DATA PROVIDED:
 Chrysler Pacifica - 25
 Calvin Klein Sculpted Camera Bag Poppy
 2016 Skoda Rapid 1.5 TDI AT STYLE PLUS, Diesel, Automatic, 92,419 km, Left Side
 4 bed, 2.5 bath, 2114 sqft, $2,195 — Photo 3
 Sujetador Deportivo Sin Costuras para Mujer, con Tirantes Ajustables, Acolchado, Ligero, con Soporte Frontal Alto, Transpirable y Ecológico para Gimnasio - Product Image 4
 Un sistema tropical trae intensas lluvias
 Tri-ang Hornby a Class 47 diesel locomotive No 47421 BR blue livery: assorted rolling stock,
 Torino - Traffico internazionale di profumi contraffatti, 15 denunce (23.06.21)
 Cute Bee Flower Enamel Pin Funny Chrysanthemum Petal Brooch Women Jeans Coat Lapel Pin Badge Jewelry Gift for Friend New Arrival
--
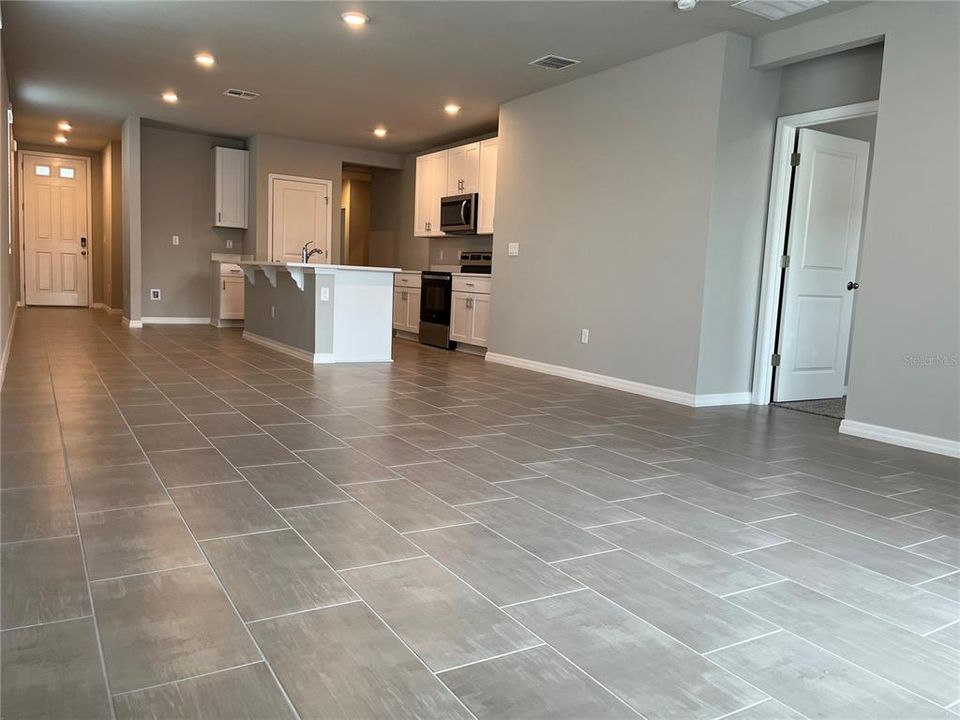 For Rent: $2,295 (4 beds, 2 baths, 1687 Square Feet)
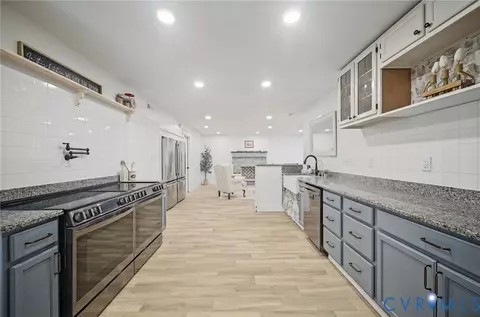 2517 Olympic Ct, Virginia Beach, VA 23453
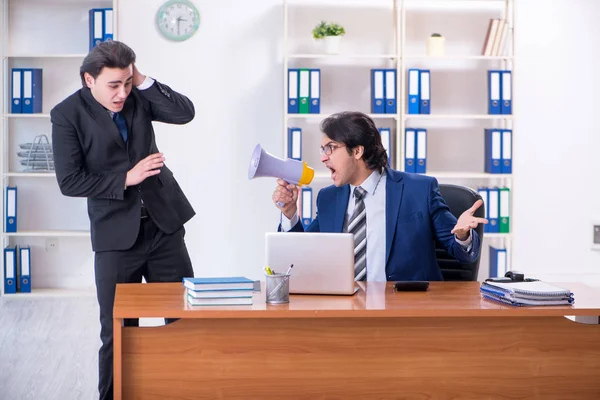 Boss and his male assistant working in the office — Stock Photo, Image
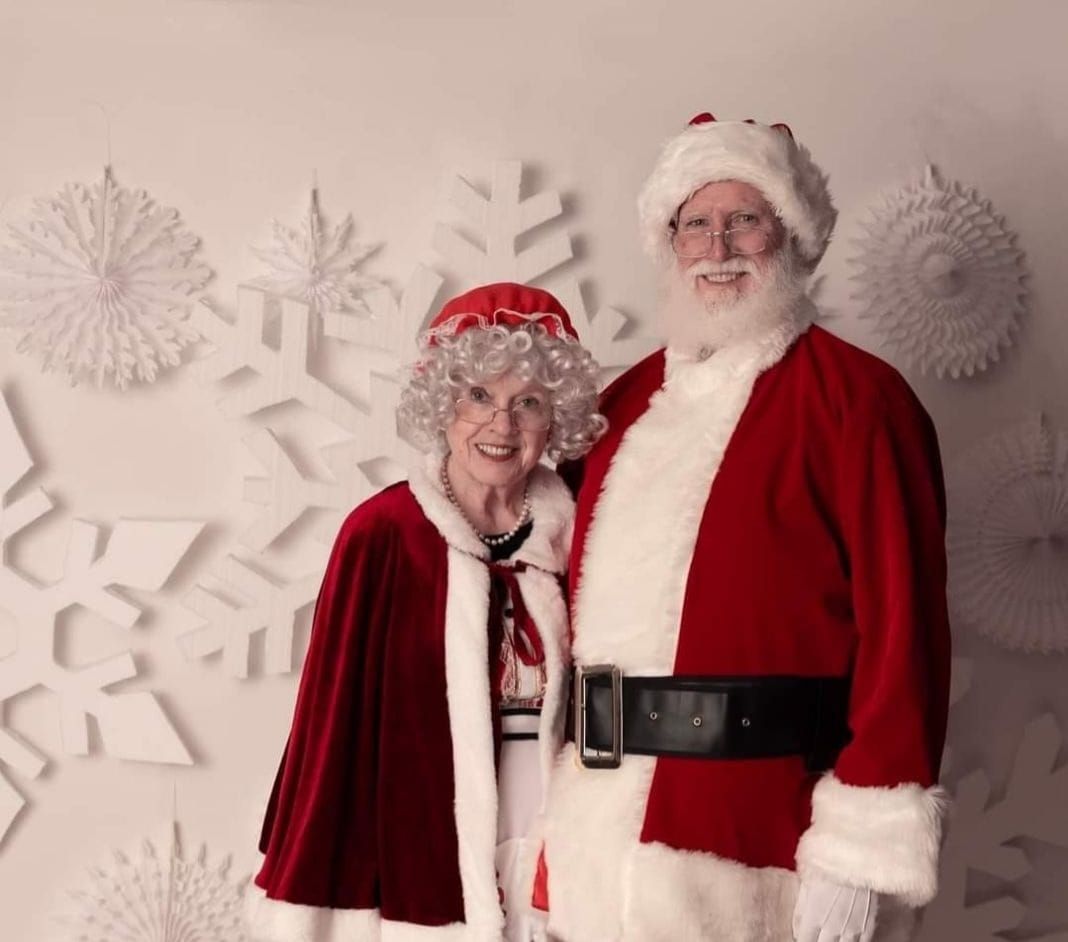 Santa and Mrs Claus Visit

PROBLEM TO SOLVE: From the listing above, return the lines starting at the one with "Un sistema tropical trae intensas lluvias" and ending at the one with "Cute Bee Flower", both kept, exactly as they appear and nothing more.

OUTPUT:
 Un sistema tropical trae intensas lluvias
 Tri-ang Hornby a Class 47 diesel locomotive No 47421 BR blue livery: assorted rolling stock,
 Torino - Traffico internazionale di profumi contraffatti, 15 denunce (23.06.21)
 Cute Bee Flower Enamel Pin Funny Chrysanthemum Petal Brooch Women Jeans Coat Lapel Pin Badge Jewelry Gift for Friend New Arrival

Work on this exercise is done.